Compilation album by the Shaggs
- Released: 1982
- Recorded: 1969–1975
- Genres: Pop, rock
- Length: 30:34
- Labels: Rounder; Red Rooster;
- Producer: Austin Wiggin Jr. (original sessions)
- Compiler: Terry Adams

The Shaggs chronology
| Philosophy of the World (1969) | Shaggs' Own Thing (1982) | The Shaggs (1988) |

= Shaggs' Own Thing =

Shaggs' Own Thing is a 1982 compilation album by the American band the Shaggs, containing unreleased recordings made between 1969 and 1975. In 1988, Shaggs' Own Thing and the Shaggs' first album, Philosophy of the World, were remastered and rereleased by Rounder Records as the compilation The Shaggs.

== History ==

The Shaggs were an American rock band formed in Fremont, New Hampshire, in 1965, at the insistence of their father, Austin Wiggin, who believed that his mother had predicted their rise to fame. In 1969, Austin paid for the Shaggs to record an album, Philosophy of the World, at Fleetwood Studios in Revere, Massachusetts. It received no attention on release, but later developed a cult following, notable for its lack of technical proficiency, with bizarre melodies and rhythms.
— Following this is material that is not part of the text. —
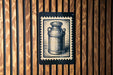 a black and white illustration of a milk can, which is mounted on a wooden wall.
In 1975, Austin took the Shaggs to Fleetwood Studios for another recording session. Though they had become more proficient through hundreds of hours of practice, the engineer wrote: "As the day progressed, I overcame my disappointment and started feeling sorry for this family paying $60 an hour for studio time to record — this?" The recordings went unreleased. Shortly after, Austin died of a heart attack and the Shaggs disbanded.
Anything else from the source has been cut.